Hari ini adalah minggu tanggal dua di bulan November, tepatnya lagi pukul 03.15 pagi WIB . Ini adalah hari ke lima sejak 29 Oktober, kemarin. Semenjak, aku dan duabelas teman lainnya sepakat untuk membuat film. FILM? Iya, Film. Kami sepakat membuat film documenter dengan tema Pendidikan. Nah, bukan tema yang membuatku selama lima hari belakangan ini tidur tapi seperti tidak tidur. Bahkan rasanya ingin cepat pagi dan beraktivitas demi mengorek-korek informasi lebih mendalam. Kata Sub tema yang mungkin bukan hanya untukku yang sulit tidur. Mungkin pula ada temanku lainnya yang bernasib sama. Kami memikirkannya, tapi mungkin temanku lainnya ini sudah terlalu lelah hingga ia tak sadar tertidur.

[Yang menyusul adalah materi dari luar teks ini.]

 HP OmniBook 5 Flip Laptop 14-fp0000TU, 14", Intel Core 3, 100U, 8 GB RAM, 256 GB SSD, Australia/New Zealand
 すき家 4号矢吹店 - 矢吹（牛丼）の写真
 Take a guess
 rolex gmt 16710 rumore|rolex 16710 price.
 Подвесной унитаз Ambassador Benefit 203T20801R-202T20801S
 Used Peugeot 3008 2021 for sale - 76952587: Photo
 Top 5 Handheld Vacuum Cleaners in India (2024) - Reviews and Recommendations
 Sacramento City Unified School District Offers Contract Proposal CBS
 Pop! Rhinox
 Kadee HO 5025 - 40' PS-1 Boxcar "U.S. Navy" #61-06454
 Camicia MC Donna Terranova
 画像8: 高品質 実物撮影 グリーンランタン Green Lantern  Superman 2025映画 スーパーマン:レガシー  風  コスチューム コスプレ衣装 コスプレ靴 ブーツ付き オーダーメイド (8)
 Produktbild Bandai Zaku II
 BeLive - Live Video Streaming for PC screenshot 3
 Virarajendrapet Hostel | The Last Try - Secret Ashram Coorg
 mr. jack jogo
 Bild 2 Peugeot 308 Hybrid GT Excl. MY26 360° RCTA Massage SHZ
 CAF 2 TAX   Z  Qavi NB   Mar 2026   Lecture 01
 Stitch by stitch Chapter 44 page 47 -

               Aku dilemma untuk lima hari belakangan ini. Tiga dari lima dosen yang memberi masukan membuat aku harus jeli dan harus benar-benar memikirkan sub tema ini matang-matang. Dari awal aku tertarik ketika membicarakan tentang pendidikan desa tertinggal. Lagi-lagi tentang cara ‘mereka’ memperjuangkan haknya. Pendidikan salah satunya. Tapi setelah aku tahu dari dosenku lainnya, dia seorang pengajar matakuliah kewarganegaraan dan mengatakan, “Pendidikan dengan sekolah itu berbeda.” Kesimpulannya, pendidikan adalah suatu kebutuhan sedangkan sekolah itu seperti suatu program. Sering dengar atau kamu pasti tau Wajib belajar 12tahun. Nah, sekolah itulah program yang di dalamnya itu harus ada pendidikan. Lain lagi dari dosen yang dengan matakuliah sama tapi berbeda jurusan. Ia lebih tertarik membicarakan moralitas remaja. Mengkritisi moralitasnya. Realistis memang. Tapi lain hal lagi dengan dosenku yang satu ini. Kami bertemu di Bentara Budaya Kompas, pada Jumat siang pukul 14.00 WIB. Banyak masukan darinya, dan itupula yang menggoyahkan pikiran aku dengan Rosy – ketua pelaksana film ini-. Subtema baru. Lebih realistis. Lebih logis. Sama halnya dengan membicarakan moralitas pelajar. Tapi tantangan baru dan cukup sensitive. Kaum diffabel. Aku minta pendapat dosenku lainnya. Terjadi perbedaan pendapat disana. Ia tak menyetujuinya, tapi jalanku jelas terbuka lebar. Mungkin semua menganggap, “APA YANG MAU KAU BERIKAN MELALUI FILMMU?” dan ini yang menariknya. Aku memberi dua pilihan kepada duabelas temanku lainnya. ‘”Kalian mau film ini menarik bagi orang lain, tapi dari film ini apa yg ingin kamu berikan kepada orang lain?” edukasikah? Entertaimentkah? Atau akrobasikah?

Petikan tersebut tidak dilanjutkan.